**** MATERIAL PROVIDED ****
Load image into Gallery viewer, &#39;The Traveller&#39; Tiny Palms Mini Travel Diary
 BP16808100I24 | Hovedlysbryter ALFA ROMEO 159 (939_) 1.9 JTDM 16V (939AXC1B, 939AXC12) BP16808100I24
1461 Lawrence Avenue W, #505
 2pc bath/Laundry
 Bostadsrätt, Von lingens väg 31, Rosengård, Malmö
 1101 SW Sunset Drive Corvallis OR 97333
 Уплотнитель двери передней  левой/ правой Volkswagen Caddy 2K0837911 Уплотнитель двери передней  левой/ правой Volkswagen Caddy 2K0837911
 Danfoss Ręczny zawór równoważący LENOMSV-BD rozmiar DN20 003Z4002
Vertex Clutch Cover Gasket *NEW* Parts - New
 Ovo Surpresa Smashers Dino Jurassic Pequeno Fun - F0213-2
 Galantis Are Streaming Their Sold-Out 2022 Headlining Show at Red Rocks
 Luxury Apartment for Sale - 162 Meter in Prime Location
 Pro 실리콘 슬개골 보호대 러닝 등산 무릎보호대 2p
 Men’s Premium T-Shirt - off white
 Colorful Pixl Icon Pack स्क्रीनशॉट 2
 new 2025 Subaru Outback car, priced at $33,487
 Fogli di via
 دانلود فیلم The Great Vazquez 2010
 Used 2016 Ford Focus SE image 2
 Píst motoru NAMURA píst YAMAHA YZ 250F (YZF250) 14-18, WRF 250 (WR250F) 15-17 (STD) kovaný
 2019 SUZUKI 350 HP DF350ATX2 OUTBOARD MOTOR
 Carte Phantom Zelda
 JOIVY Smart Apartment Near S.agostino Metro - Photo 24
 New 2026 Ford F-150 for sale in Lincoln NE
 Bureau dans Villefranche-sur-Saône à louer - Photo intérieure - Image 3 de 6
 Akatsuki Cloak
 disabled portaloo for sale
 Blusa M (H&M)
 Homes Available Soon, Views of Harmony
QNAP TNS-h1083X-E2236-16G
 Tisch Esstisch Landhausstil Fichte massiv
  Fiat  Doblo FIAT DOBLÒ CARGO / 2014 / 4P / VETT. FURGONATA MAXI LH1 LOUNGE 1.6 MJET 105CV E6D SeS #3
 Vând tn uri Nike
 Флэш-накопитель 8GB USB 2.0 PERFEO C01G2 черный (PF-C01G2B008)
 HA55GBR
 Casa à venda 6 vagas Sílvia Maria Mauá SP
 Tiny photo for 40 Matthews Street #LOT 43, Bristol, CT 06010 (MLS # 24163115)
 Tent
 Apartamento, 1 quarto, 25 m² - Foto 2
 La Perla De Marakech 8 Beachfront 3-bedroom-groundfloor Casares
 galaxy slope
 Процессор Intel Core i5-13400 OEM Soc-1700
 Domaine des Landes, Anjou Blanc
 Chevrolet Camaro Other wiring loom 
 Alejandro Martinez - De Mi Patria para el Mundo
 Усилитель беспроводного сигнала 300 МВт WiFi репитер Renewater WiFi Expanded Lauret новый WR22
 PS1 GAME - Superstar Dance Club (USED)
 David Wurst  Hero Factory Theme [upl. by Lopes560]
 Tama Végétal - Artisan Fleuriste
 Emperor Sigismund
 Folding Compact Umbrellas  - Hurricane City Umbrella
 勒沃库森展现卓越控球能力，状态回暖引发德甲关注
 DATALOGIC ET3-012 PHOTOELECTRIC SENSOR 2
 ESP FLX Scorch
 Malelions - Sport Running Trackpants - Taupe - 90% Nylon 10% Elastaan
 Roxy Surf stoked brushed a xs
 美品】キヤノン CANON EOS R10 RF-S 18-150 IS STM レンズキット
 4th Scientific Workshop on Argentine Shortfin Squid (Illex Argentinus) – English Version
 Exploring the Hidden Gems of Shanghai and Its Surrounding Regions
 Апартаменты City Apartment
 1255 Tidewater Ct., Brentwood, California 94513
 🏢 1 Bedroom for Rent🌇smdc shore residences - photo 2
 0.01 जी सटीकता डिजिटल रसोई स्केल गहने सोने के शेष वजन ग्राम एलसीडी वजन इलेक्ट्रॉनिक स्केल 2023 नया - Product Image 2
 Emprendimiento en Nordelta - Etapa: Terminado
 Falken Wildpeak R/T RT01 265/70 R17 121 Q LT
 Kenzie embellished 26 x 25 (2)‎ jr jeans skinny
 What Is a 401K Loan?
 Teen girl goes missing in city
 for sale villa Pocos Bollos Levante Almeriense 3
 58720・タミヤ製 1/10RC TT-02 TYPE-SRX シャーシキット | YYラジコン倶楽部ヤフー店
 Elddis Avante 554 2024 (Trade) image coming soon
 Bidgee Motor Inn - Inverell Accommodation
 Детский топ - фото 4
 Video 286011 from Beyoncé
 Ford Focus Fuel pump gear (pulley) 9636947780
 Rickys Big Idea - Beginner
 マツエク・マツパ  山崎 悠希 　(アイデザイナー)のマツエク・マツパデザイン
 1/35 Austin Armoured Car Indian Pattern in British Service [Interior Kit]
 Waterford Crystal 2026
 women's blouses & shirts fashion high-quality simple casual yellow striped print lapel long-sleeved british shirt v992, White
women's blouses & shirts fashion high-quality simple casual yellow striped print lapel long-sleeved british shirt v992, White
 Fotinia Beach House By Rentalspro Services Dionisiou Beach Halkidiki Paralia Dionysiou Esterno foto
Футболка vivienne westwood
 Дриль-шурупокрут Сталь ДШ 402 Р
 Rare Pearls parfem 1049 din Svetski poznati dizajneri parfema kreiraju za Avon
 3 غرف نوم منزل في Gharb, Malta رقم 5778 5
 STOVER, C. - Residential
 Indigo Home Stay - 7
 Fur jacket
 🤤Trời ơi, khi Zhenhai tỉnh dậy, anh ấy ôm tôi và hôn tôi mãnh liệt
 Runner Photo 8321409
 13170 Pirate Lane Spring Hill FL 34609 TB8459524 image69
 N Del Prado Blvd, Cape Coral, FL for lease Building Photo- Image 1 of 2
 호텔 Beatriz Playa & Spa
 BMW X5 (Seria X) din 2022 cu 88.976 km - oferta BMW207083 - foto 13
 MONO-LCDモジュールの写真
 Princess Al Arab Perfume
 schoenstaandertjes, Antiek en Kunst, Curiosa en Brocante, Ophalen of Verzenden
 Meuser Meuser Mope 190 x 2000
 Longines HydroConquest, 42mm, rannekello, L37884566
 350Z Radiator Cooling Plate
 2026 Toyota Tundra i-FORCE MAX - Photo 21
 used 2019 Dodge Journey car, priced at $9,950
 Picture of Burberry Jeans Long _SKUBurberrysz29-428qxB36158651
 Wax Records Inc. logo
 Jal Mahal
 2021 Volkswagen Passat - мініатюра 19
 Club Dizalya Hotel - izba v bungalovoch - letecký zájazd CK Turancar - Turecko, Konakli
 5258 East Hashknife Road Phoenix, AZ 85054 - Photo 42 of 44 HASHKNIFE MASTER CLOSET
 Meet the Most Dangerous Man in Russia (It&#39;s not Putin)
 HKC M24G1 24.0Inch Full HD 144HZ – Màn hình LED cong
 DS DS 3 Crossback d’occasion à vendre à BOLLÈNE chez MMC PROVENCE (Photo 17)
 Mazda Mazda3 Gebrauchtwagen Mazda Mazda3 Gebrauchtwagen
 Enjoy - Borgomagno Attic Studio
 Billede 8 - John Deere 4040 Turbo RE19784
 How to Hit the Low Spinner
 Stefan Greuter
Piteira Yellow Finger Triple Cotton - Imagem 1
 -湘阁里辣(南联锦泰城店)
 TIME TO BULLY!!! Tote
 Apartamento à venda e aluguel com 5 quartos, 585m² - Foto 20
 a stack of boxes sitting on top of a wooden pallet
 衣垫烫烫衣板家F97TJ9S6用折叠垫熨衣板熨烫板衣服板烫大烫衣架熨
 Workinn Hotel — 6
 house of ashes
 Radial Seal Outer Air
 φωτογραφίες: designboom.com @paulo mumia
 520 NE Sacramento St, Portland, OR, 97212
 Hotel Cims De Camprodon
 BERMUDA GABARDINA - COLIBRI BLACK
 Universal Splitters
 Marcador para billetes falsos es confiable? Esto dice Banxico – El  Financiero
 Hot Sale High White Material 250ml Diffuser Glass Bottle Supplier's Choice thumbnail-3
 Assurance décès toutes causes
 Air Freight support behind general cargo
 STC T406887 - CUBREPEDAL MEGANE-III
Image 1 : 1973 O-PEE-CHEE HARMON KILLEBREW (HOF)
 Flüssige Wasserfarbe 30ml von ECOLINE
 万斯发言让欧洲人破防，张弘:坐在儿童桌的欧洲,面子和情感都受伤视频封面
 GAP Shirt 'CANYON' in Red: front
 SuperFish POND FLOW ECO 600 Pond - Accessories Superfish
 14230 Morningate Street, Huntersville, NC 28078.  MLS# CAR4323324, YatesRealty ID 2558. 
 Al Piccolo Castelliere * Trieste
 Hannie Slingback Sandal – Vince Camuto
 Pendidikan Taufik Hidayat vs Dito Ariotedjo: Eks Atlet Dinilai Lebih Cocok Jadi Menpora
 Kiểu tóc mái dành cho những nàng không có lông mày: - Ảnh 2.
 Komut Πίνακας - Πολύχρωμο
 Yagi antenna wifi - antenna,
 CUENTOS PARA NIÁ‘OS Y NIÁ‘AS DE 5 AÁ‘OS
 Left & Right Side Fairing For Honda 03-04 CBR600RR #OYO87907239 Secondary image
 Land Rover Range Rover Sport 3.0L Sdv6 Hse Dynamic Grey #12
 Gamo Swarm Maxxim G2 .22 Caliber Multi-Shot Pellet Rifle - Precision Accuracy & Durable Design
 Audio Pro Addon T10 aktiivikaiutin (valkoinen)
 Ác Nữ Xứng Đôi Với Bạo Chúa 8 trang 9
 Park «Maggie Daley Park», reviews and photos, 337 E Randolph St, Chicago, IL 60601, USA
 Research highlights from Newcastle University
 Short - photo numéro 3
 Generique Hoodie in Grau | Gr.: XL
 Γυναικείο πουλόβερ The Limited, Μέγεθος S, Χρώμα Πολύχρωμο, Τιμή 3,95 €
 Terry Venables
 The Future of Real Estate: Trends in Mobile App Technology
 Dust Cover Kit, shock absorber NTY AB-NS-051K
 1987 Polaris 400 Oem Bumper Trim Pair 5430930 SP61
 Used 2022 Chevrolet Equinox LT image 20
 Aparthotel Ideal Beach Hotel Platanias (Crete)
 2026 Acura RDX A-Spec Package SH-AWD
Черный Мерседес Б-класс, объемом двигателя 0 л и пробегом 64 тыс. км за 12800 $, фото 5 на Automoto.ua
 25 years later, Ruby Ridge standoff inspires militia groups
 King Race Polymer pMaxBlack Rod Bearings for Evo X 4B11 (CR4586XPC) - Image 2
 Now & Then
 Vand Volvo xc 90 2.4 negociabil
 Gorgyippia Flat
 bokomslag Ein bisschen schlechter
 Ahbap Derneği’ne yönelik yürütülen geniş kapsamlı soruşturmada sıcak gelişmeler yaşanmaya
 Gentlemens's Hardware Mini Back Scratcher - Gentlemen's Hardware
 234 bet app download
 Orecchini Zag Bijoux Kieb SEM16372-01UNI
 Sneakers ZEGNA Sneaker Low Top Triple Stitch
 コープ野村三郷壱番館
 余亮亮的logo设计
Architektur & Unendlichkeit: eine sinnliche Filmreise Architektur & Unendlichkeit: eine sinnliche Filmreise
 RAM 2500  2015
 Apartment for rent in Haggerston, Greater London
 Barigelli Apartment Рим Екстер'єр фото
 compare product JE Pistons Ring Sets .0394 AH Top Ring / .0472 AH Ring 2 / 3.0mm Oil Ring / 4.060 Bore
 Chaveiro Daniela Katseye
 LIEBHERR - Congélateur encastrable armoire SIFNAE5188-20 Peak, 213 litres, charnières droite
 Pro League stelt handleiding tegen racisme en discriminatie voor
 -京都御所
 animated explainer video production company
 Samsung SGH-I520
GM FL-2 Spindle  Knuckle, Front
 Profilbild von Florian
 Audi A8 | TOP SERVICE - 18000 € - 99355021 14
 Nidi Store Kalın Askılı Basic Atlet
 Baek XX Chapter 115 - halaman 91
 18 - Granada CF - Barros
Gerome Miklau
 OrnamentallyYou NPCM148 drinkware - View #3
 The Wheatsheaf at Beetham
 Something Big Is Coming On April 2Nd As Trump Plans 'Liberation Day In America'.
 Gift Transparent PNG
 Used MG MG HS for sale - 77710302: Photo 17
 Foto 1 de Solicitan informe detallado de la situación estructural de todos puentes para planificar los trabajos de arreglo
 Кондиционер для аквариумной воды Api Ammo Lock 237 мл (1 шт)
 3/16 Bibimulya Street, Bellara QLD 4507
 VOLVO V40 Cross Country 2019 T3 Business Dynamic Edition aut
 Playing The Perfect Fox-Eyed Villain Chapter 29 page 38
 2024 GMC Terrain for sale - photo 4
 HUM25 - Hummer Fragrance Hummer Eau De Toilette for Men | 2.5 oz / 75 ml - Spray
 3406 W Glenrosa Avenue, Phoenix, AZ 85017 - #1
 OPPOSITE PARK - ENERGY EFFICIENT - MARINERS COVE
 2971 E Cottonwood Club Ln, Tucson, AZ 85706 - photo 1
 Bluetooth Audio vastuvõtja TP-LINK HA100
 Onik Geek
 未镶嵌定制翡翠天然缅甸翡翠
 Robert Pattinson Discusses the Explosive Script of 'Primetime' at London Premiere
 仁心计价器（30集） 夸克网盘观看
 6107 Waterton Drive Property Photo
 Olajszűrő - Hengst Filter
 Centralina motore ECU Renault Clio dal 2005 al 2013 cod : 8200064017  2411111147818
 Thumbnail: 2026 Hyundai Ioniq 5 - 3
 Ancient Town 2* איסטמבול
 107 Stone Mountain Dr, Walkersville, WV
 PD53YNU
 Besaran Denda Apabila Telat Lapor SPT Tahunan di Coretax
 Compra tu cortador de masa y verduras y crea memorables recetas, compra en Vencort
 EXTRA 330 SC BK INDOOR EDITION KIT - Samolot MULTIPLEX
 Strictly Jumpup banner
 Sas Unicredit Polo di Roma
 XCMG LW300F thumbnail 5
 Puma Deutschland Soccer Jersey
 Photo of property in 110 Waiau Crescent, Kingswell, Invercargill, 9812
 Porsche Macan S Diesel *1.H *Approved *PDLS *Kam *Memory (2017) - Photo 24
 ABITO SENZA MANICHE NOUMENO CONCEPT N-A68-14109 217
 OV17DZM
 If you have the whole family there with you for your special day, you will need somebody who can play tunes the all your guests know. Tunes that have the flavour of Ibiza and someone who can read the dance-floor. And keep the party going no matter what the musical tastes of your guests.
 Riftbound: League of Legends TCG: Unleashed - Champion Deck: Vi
****
Among the lines of the data, find every one that holds "Triple" and copy it.

SOLVED EXERCISE:
Piteira Yellow Finger Triple Cotton - Imagem 1
 Sneakers ZEGNA Sneaker Low Top Triple Stitch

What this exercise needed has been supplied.